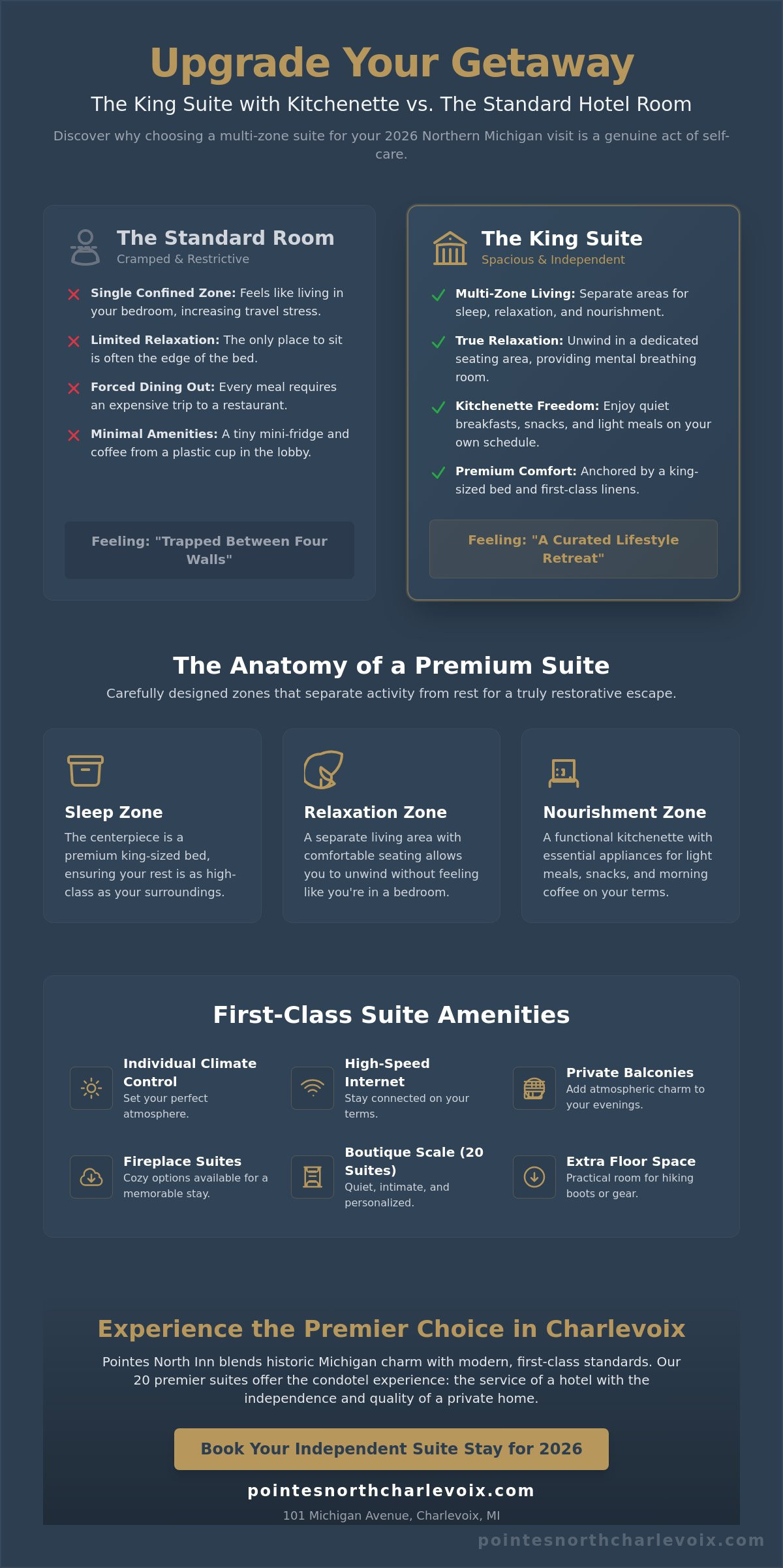 Choosing the Perfect King Suite with Kitchenette for Your 2026 Retreat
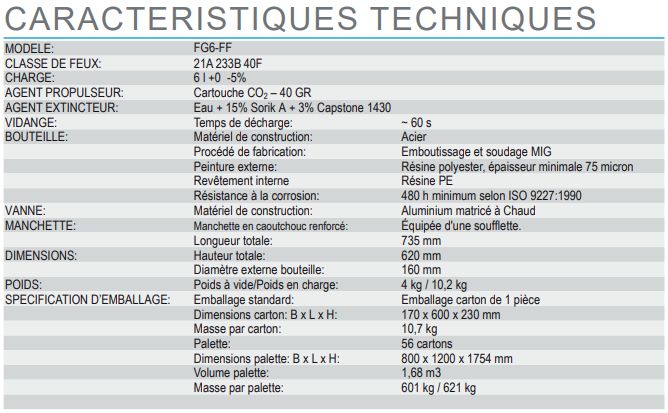 Fg6-ff - extincteur à pression auxiliaire à eau - anaf - capacité 6 l_1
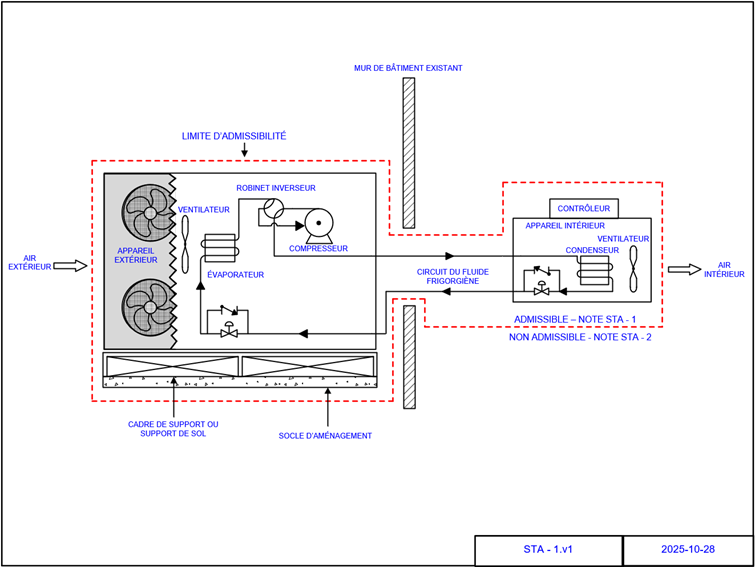 Appareil extérieure, appareil intérieure, ligne de frigorigène, cadre de support et socle d’aménagement.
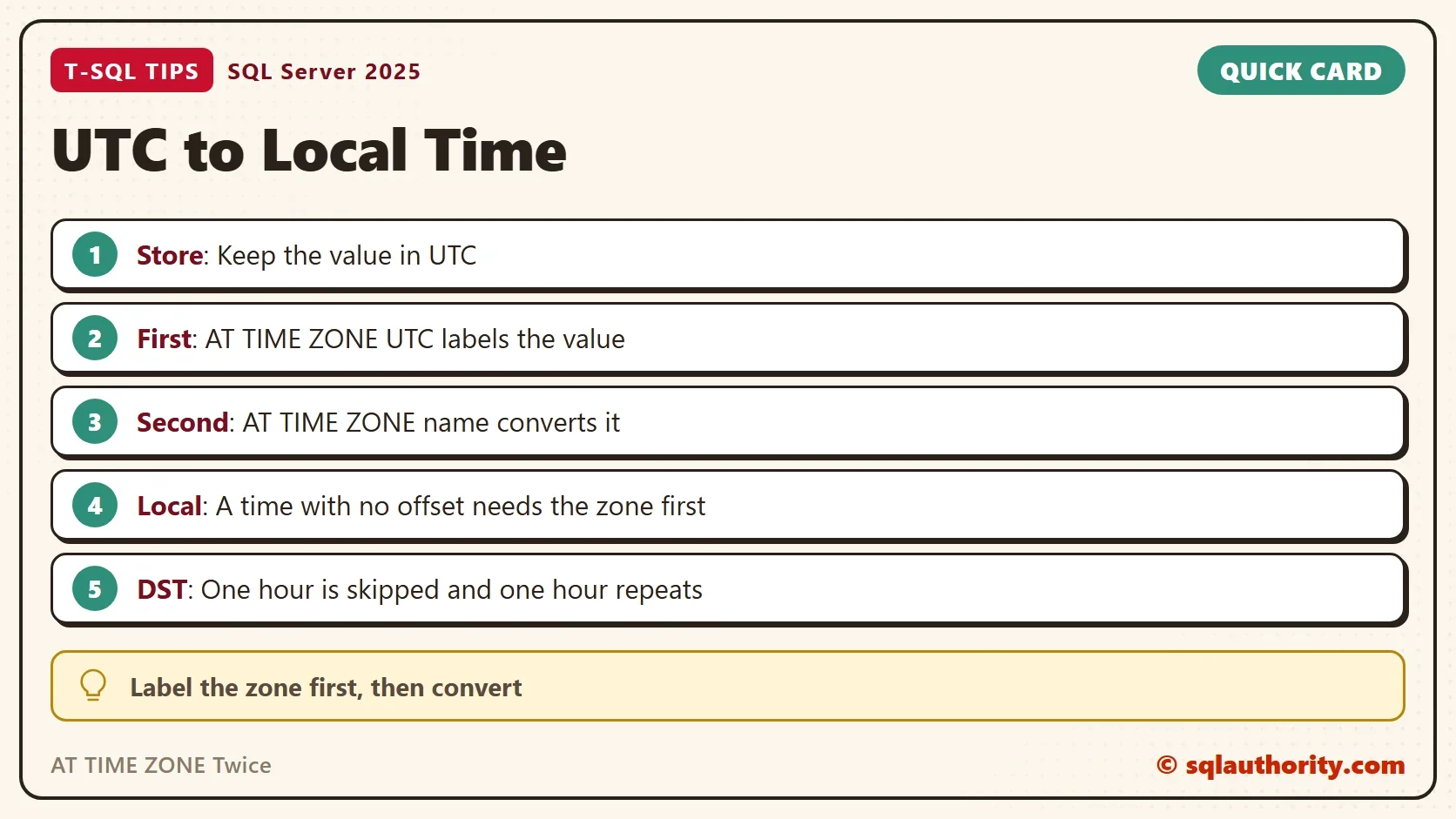Quick card titled UTC to Local Time: Store: Keep the value in UTC. First: AT TIME ZONE UTC labels the value. Second: AT TIME ZONE name converts it. Local: A time with no offset needs the zone first. DST: One hour is skipped and one hour repeats. Tip: Label the zone first, then convert.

———

• **Problem details**
Repeat the listing word for word, and skip every picture it contains.

• **Response below**
 Choosing the Perfect King Suite with Kitchenette for Your 2026 Retreat
 Fg6-ff - extincteur à pression auxiliaire à eau - anaf - capacité 6 l_1
 Appareil extérieure, appareil intérieure, ligne de frigorigène, cadre de support et socle d’aménagement.
Quick card titled UTC to Local Time: Store: Keep the value in UTC. First: AT TIME ZONE UTC labels the value. Second: AT TIME ZONE name converts it. Local: A time with no offset needs the zone first. DST: One hour is skipped and one hour repeats. Tip: Label the zone first, then convert.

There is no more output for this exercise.